DEVILS TOWER
NATIONAL MONUMENT
Wyoming

UNITED STATES DEPARTMENT OF THE INTERIOR, J. A. Krug, Secretary
NATIONAL PARK SERVICE, Newton B. Drury, Director

An 865-foot tower of rock, serving as evidence of volcanic activity that occurred many millions of years ago

Devils Tower National Monument has the distinction of being the first national monument to be created. It was established by proclamation of President Theodore Roosevelt in the year 1906 under authority of the so-called Antiquities Act.

The great natural feature, Devils Tower (known to the Sioux Indian as MATEO TEPEE, meaning Grizzly Bears’ Lodge), is like a huge fluted monumental shaft set upon a mound, alongside the Belle Fourche River and amidst rolling grasslands and pine forests.

The Tower rises to a height of 1,280 feet from the river bed and some 865 feet from its apparent base on the hilltop. The diameter at its base is approximately 1,000 feet, and at the top averages 275 feet. The top surface embraces about an acre and a half, upon which mosses, ferns, grasses, shrubs, and sagebrush grow. Mice, pack rats, and chipmunks have been seen there, and the falcon and hawk make it their home. As viewed from various angles, the Tower has many shapes.

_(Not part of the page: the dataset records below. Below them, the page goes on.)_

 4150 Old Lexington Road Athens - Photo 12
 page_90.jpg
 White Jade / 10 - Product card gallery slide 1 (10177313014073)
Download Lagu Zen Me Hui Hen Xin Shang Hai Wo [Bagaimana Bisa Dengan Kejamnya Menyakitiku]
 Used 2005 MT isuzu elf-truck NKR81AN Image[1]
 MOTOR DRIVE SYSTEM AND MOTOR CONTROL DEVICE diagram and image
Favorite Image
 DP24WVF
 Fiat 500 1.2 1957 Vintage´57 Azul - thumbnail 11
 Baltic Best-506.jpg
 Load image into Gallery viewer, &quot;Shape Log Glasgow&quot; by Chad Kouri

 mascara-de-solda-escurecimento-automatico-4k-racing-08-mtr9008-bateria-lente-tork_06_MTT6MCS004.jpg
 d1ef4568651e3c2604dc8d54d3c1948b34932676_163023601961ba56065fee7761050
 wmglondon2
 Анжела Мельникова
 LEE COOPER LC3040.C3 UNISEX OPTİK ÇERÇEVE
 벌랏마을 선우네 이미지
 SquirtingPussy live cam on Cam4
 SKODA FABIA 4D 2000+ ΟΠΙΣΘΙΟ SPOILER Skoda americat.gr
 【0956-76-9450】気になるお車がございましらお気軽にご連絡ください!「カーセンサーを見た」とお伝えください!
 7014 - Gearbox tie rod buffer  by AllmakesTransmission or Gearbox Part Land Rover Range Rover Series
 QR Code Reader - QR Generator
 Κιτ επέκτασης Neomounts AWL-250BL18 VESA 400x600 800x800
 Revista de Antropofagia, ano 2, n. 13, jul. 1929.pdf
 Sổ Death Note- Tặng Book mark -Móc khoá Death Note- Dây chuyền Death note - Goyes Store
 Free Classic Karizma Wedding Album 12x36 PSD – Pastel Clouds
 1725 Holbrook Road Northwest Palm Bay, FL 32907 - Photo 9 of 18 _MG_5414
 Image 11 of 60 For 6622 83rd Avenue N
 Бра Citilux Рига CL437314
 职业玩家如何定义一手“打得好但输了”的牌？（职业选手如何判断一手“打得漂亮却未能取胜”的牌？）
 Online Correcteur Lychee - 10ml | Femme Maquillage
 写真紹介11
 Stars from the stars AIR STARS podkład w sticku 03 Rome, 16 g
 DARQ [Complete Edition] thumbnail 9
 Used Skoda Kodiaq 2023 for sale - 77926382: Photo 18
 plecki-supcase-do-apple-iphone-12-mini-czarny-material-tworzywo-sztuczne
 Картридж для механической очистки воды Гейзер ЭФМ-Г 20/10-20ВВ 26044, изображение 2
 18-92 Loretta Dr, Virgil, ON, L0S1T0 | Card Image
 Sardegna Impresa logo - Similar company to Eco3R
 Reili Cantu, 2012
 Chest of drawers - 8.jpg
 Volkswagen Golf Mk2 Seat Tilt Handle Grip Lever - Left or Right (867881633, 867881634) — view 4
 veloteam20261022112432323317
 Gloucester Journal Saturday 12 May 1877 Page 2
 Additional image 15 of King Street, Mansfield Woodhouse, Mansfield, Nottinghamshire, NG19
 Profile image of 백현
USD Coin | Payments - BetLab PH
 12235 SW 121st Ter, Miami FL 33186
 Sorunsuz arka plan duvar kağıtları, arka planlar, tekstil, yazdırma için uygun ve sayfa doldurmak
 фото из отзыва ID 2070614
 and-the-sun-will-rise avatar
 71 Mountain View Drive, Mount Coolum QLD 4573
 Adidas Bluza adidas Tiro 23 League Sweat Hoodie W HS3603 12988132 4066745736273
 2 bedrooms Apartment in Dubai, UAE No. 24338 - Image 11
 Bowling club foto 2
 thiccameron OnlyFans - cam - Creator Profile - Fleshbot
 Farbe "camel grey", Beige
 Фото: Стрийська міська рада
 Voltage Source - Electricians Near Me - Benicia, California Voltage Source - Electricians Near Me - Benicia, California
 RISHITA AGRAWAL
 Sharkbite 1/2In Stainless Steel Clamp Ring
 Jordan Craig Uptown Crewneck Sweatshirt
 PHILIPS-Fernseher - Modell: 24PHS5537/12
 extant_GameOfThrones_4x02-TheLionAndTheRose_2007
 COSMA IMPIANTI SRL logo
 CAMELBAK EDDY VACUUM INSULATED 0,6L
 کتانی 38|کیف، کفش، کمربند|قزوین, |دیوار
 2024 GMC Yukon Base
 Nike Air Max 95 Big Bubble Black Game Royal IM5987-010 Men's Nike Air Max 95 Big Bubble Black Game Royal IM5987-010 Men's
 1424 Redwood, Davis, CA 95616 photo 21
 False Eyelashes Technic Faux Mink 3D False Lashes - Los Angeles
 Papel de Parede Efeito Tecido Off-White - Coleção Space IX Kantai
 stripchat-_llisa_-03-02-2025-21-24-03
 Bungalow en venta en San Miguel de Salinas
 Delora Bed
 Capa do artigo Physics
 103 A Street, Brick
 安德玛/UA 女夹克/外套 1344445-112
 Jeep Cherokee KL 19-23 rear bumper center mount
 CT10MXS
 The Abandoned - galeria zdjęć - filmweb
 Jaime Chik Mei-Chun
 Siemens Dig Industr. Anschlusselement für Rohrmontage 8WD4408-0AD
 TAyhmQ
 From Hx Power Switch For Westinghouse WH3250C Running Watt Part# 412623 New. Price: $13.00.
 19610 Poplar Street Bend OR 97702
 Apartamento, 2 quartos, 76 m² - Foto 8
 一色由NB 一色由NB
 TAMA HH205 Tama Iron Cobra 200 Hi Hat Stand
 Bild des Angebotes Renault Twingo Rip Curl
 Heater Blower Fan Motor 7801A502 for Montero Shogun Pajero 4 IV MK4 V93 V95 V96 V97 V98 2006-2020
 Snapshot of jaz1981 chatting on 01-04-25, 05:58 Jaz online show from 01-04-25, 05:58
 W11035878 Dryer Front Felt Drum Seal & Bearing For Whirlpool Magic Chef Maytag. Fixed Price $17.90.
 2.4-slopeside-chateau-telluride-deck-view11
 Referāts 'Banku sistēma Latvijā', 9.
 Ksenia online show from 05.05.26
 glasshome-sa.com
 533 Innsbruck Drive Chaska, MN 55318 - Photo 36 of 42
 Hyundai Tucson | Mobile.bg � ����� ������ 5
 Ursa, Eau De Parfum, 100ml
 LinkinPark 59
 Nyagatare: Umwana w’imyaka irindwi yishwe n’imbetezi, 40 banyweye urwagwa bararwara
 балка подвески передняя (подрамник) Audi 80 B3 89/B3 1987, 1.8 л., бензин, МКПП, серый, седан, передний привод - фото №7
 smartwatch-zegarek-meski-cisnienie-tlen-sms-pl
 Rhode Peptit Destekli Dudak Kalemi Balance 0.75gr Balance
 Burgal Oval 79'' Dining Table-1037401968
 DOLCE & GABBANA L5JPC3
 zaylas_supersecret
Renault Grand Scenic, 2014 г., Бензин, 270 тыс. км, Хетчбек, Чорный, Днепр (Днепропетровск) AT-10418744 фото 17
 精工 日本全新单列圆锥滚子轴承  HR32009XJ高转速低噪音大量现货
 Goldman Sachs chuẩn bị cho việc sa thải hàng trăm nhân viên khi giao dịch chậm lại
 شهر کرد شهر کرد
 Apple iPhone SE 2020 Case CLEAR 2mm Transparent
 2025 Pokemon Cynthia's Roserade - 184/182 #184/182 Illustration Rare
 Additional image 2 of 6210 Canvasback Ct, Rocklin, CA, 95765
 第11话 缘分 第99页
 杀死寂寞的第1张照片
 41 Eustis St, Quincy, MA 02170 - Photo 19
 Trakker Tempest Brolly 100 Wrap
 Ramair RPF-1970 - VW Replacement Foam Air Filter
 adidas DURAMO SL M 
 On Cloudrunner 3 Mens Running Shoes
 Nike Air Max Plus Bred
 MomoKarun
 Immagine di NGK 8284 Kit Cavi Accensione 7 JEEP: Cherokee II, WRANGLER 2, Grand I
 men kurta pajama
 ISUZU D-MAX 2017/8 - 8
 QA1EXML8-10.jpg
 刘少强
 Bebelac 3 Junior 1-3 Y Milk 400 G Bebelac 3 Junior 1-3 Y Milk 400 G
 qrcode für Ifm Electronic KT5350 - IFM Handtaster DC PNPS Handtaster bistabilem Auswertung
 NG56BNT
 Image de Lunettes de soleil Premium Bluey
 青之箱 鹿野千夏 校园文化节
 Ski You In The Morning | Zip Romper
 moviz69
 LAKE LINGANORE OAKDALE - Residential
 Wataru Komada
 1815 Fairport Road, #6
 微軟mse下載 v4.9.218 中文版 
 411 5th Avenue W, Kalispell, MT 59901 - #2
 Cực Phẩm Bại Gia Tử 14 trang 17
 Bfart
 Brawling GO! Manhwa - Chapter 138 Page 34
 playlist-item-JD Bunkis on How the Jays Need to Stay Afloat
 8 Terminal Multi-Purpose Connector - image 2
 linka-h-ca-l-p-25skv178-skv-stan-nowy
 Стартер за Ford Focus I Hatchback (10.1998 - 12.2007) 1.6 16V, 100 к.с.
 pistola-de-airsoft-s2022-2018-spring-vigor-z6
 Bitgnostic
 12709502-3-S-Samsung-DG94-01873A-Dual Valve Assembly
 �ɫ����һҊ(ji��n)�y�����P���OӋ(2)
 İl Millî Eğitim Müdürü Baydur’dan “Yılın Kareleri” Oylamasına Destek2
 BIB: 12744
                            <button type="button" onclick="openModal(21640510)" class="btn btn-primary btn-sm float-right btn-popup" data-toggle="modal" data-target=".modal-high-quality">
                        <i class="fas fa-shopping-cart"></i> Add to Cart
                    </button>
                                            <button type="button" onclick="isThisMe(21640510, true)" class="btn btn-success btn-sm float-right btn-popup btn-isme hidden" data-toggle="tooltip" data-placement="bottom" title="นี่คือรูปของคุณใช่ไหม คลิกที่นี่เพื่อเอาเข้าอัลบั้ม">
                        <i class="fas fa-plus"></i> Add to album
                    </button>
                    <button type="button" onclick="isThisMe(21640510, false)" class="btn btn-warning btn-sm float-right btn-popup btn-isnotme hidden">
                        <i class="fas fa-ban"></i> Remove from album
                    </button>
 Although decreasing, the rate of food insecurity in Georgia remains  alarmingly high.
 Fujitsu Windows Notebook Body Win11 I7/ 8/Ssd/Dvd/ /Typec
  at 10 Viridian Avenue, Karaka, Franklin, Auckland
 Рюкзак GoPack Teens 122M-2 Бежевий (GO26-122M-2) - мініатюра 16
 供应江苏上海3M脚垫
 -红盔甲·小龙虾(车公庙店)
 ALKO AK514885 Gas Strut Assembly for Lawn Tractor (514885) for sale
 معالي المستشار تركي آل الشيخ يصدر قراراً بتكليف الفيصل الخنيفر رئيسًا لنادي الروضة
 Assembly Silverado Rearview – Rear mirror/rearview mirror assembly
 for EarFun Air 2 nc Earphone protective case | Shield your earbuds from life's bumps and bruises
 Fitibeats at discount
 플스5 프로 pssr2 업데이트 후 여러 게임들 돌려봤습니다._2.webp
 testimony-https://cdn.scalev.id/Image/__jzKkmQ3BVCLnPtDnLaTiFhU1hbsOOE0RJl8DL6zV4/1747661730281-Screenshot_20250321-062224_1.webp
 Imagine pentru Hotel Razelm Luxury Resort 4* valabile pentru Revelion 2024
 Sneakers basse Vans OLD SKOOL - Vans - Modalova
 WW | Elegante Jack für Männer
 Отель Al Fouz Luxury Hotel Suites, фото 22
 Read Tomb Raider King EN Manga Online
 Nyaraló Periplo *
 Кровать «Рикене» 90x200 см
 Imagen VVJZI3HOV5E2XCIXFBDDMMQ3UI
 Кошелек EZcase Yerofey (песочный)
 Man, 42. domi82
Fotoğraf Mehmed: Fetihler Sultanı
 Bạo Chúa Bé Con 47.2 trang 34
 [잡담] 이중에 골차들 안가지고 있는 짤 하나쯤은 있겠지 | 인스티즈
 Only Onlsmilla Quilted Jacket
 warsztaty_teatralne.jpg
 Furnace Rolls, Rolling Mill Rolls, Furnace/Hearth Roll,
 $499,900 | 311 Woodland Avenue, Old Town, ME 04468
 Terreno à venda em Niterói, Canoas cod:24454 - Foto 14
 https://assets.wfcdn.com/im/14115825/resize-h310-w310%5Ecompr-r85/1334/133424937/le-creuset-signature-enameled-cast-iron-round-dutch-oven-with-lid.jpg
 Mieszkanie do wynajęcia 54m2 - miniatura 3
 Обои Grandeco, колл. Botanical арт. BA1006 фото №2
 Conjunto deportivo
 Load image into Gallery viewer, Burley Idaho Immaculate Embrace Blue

The fresh rock is of a dark grey color which, after weathering, bleaches to a light grey with tinges of buff. Lichens of various colors and shades grow on its face, reflecting tones of light, so that in color its appearance may change several times during the day, depending on conditions of atmosphere and light. On occasion, a red sunset may give it a reddish glow, fading to dull purple.

A Geologic Mystery

As to the mode of origin of the Devils Tower geologists are by no means in agreement. That the rock of the Tower was at one time molten and was forced upward from deep within the earth is no question, and that it cooled beneath the surface is probable. But whether the great shaft as it now stands is in reality hardened lava in the neck of an old volcano the enclosing walls of which have been removed by erosion, or whether it is part of a great sheet or sill of molten rock which was injected between rock layers, cannot be positively stated.

On the basis of either explanation hundreds of feet of rock have obviously been removed by erosion from around the Tower and carried by rivers toward the sea.